(Beginning of Data provided)

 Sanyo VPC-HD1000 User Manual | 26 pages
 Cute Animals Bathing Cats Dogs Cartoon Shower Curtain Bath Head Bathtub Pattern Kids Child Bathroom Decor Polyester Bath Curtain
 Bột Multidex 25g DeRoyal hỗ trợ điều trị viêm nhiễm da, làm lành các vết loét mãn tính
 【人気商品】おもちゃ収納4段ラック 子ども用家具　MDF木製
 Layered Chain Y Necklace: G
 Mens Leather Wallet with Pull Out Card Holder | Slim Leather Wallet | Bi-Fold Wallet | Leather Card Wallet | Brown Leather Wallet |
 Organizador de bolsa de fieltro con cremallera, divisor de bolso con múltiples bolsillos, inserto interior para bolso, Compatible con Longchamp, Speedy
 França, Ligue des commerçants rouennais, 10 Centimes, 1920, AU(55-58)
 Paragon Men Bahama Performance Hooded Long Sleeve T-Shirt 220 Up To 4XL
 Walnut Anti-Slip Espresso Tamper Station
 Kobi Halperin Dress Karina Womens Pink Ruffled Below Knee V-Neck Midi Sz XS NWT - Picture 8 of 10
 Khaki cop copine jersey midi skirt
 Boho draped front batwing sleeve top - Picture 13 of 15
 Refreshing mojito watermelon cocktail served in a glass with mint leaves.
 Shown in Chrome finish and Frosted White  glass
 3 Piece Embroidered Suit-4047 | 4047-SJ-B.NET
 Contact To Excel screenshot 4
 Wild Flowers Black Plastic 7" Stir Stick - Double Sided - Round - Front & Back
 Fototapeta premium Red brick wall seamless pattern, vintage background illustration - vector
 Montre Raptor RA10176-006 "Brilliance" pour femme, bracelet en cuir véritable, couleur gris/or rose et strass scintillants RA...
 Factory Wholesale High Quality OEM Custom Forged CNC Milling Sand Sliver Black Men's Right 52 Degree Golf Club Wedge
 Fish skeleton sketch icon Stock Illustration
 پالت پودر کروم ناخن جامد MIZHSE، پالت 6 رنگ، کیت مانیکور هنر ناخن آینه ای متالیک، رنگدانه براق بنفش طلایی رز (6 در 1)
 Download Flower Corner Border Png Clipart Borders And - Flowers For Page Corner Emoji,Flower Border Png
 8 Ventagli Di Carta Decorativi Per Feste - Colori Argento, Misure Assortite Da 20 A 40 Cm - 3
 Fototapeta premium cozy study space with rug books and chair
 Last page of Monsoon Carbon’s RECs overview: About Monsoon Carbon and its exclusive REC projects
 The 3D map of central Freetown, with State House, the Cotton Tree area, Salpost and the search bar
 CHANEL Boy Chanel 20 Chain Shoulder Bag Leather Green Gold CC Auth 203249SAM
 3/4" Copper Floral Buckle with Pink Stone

(End of Data provided)

What to do: Reproduce the line that contains "8 Ventagli Di" and each line after it through the last line of the entries above, exactly; leave out all earlier lines.

Task result:
 8 Ventagli Di Carta Decorativi Per Feste - Colori Argento, Misure Assortite Da 20 A 40 Cm - 3
 Fototapeta premium cozy study space with rug books and chair
 Last page of Monsoon Carbon’s RECs overview: About Monsoon Carbon and its exclusive REC projects
 The 3D map of central Freetown, with State House, the Cotton Tree area, Salpost and the search bar
 CHANEL Boy Chanel 20 Chain Shoulder Bag Leather Green Gold CC Auth 203249SAM
 3/4" Copper Floral Buckle with Pink Stone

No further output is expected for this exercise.